* Work request:
Only the lines below from the one containing "Hondendeken Kenny Fleece" through the one containing "69295 ETIQUETAS PARA FRUTAS Y HORTALIZAS" belong in the answer, repeated exactly and without pictures.

[Brief descriptive captions]

——————————

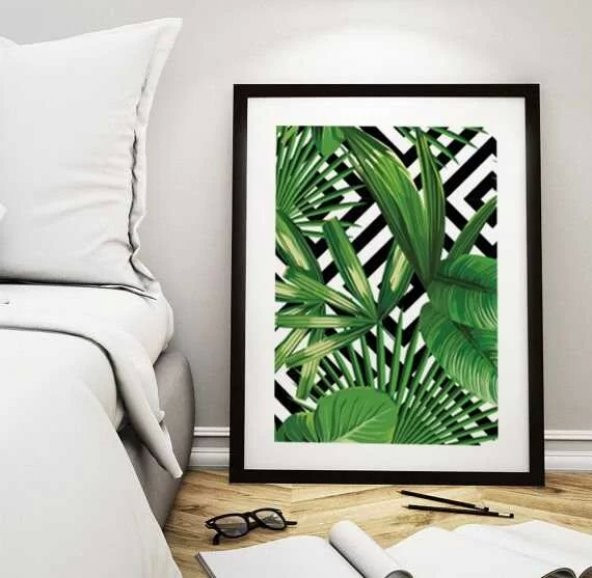 Çerçeve - Tropikal 30x40cm Büyük Boy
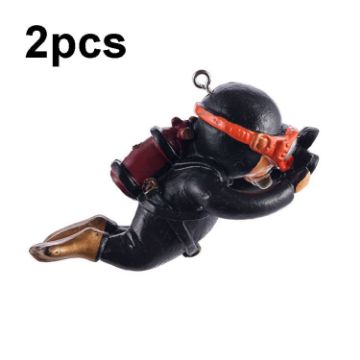 Fish Tank Diver Ornaments - 2pcs Aquascape Decorations (With Camera) - 1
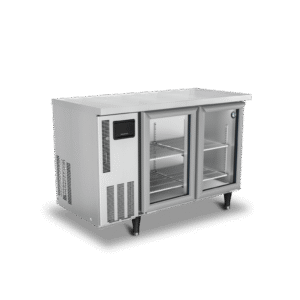 Hoshizaki 233 Ltr Two Glass Door Under Counter Chiller (RTWH126MS4/LS4)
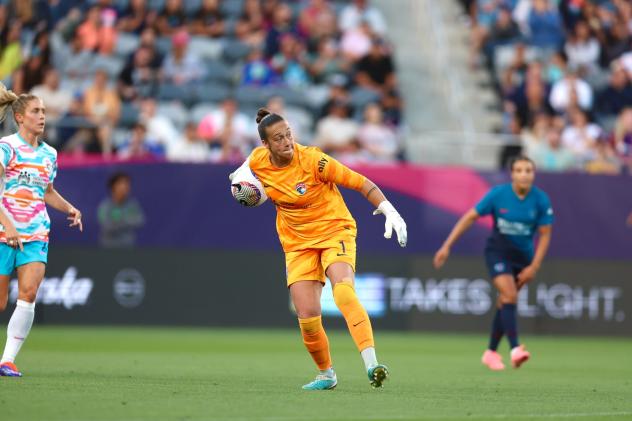 San Diego Wave FC's Kailen Sheridan on the field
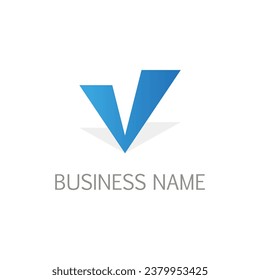 letter v logo vector image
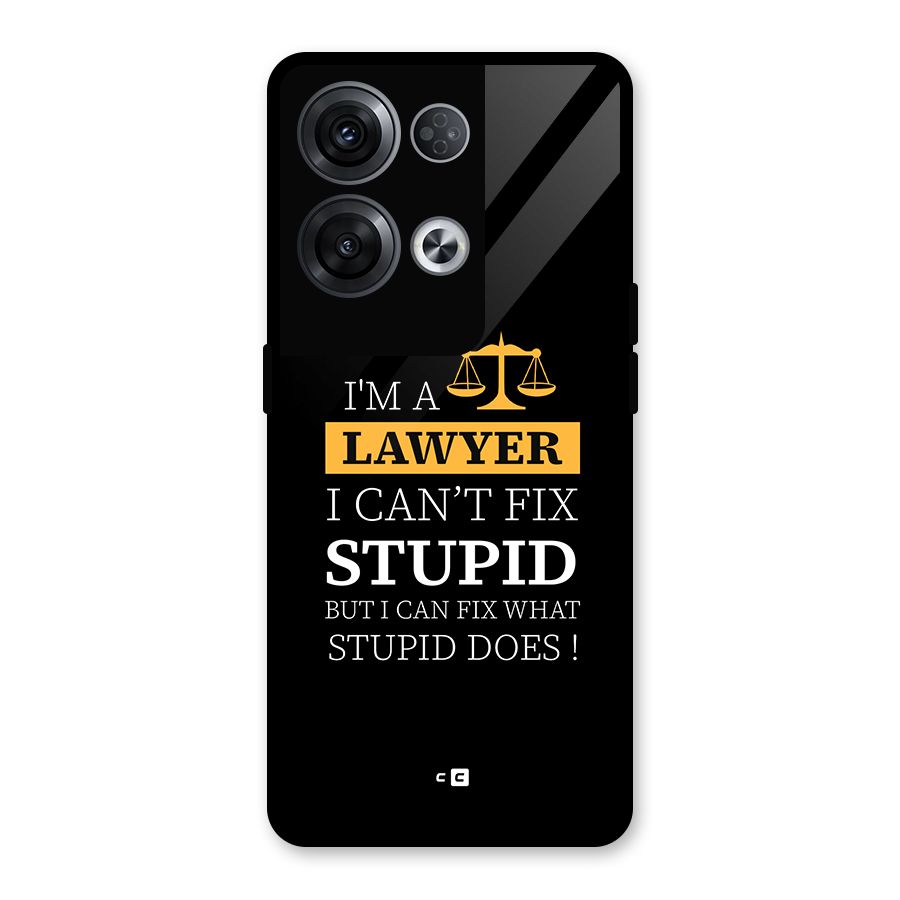 Fix Stupid Case Glass Back Case for Oppo Reno8 Pro 5G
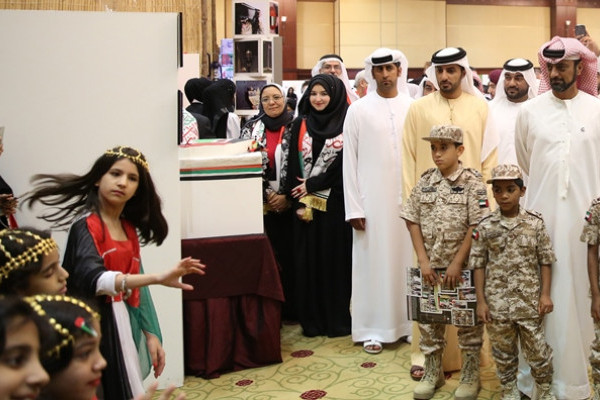 ولي عهد عجمان يشهد احتفالات جامعة عجمان باليوم الوطني الـ44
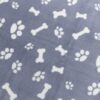 Hondendeken Kenny Fleece Bot / Pootjes Blauw 150X100 Cm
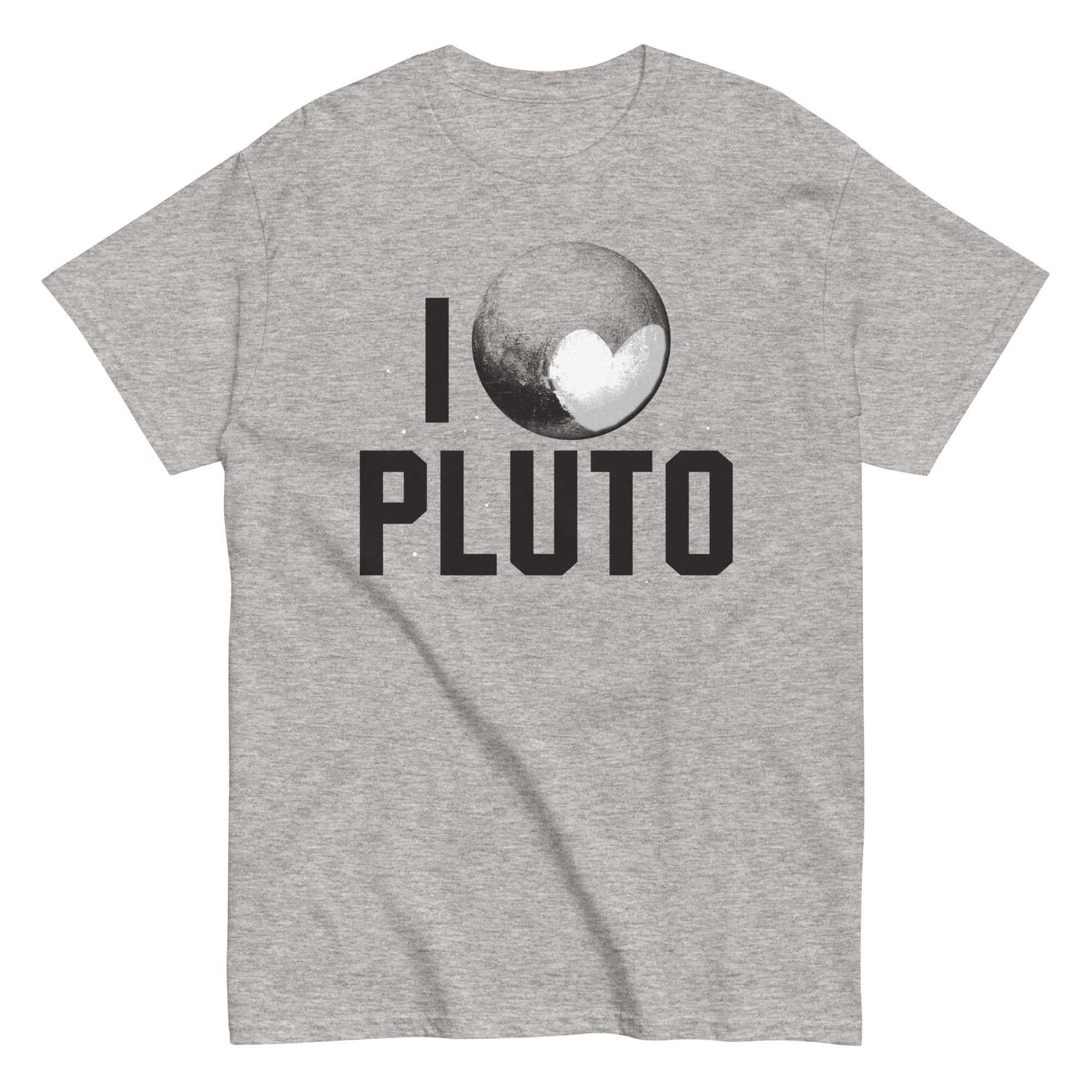 I Heart Pluto Men's Classic Tee Hoodie, Sweatshirt | PureTeeCo.com (Image 1)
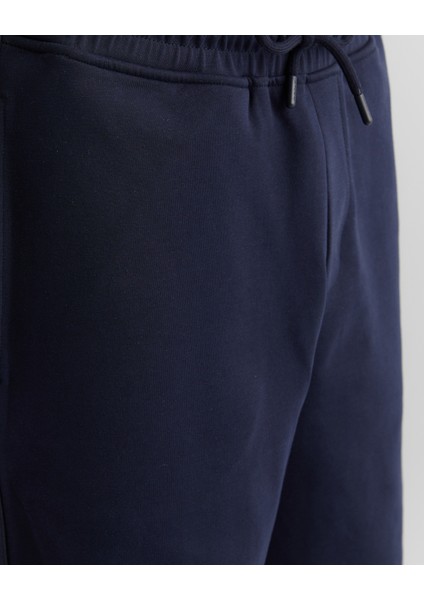 Erkek Lacivert Regular Fit Logolu Şort 2825122T.433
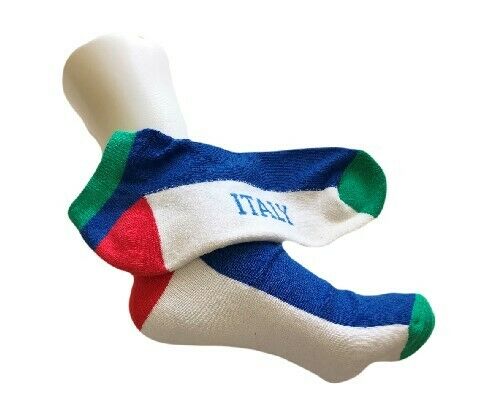 Italy Fashion Flags Unisex Ankle Socks Low Cut Crew Casual Sports Cotton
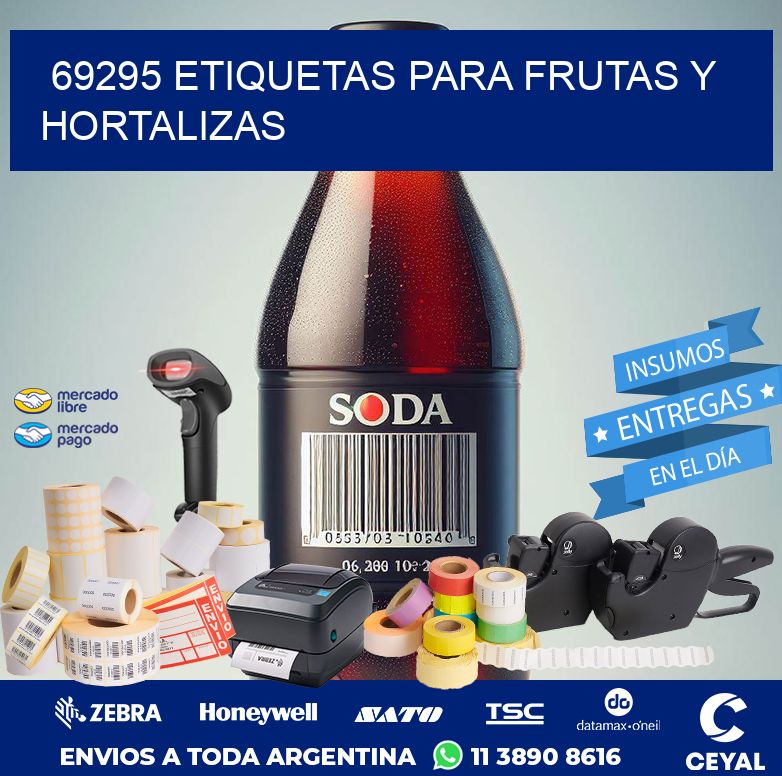 69295 ETIQUETAS PARA FRUTAS Y HORTALIZAS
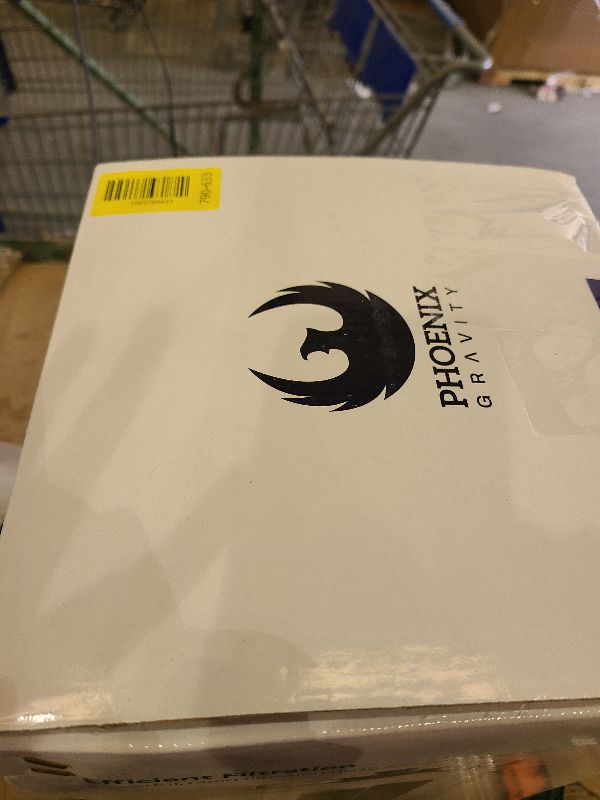 Photo 1 of 2.25 G Gravity Water Filter System | Dual Carbon Filtration | NSF/ANSI 42 & 372 Certified | Countertop Stainless Steel Water Filter | AISI 304 | 2 Carbon Filters | No Electricity Required | Portable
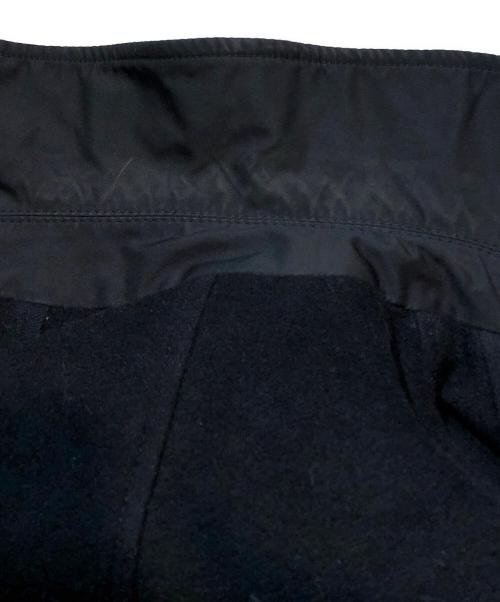 VERSACE CLASSIC（ヴェルサーチクラシック）VERSACE CLASSIC (ヴェルサーチクラシック) リバーシブルステンカラーコート ブラック サイズ:50の古着・服飾アイテム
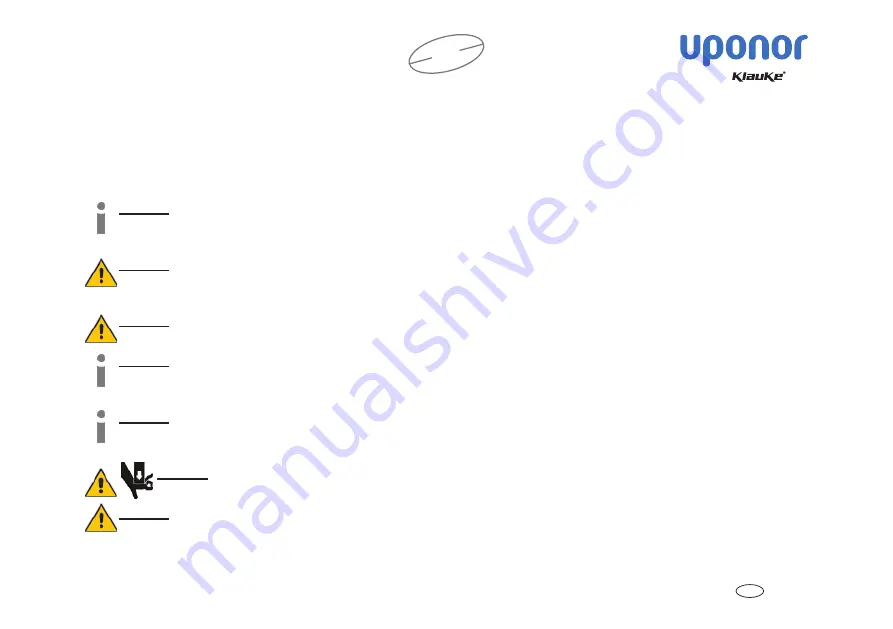 Uponor Mini2 Instruction Manual Download Page 49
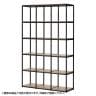 Work Plus×オフィスコム JUNGLE-GYM SHELF BOARD SET ジャングルジムシェルフセット ボード付き 2列5段 オープン シェルフ 棚 収納 幅820×奥行400×高さ2025mm-19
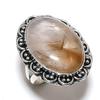 Golden Rutile Gemstone 925 Sterling Silver Jewelry Ring Size 10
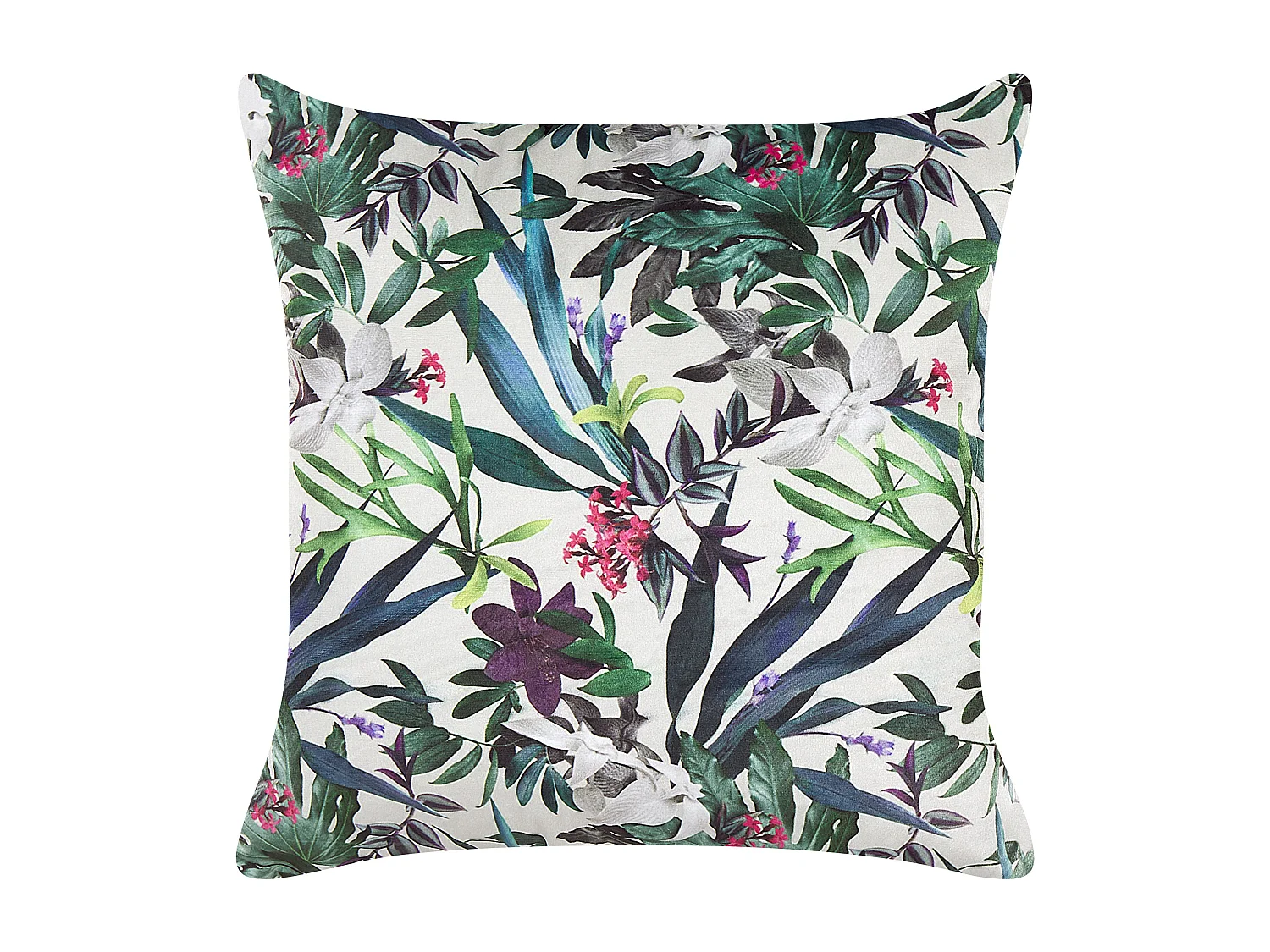 Dekokissen 2er Set GASTERIA Samtstoff 45 x 45 cm Grün Pflanzenmuster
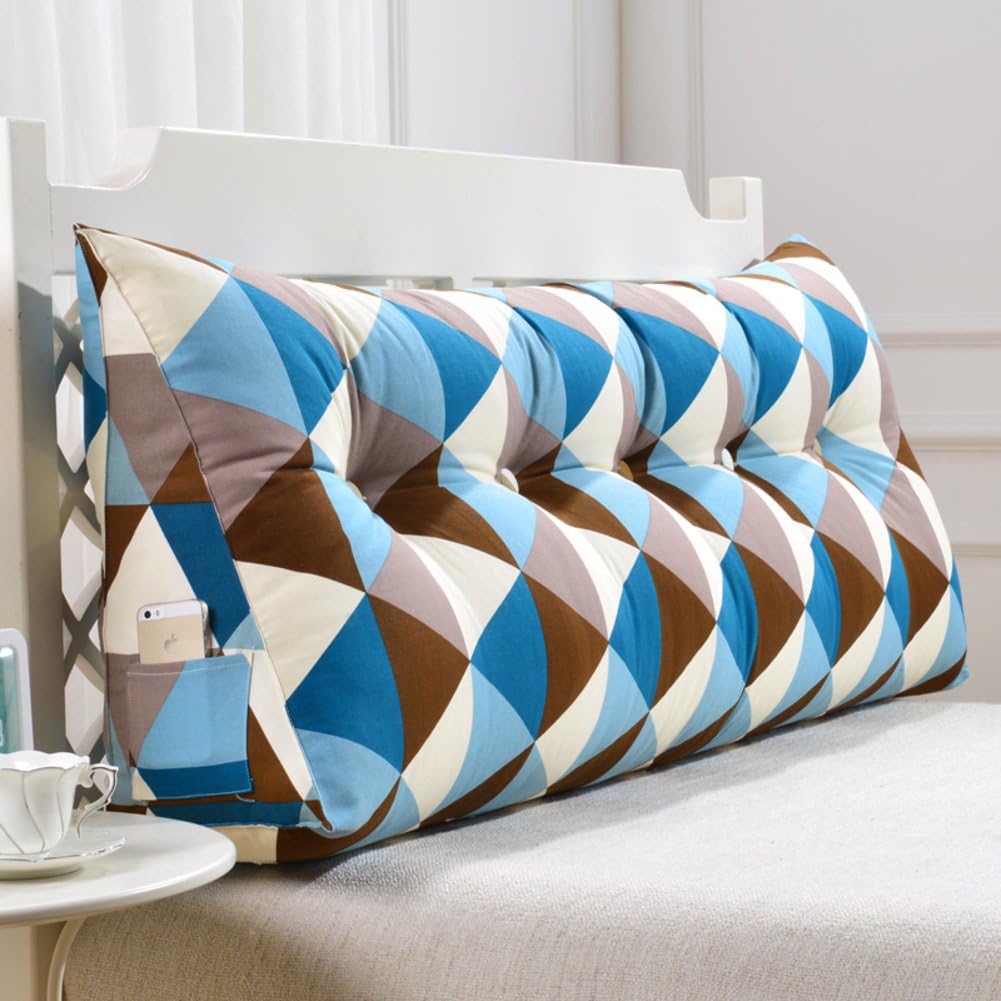 Double Triangle Pillow Tatami Pillow Sofa Back Cushions Waist Cushion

——————————

* Exercise answer:
 Hondendeken Kenny Fleece Bot / Pootjes Blauw 150X100 Cm
 I Heart Pluto Men's Classic Tee Hoodie, Sweatshirt | PureTeeCo.com (Image 1)
 Erkek Lacivert Regular Fit Logolu Şort 2825122T.433
 Italy Fashion Flags Unisex Ankle Socks Low Cut Crew Casual Sports Cotton
 69295 ETIQUETAS PARA FRUTAS Y HORTALIZAS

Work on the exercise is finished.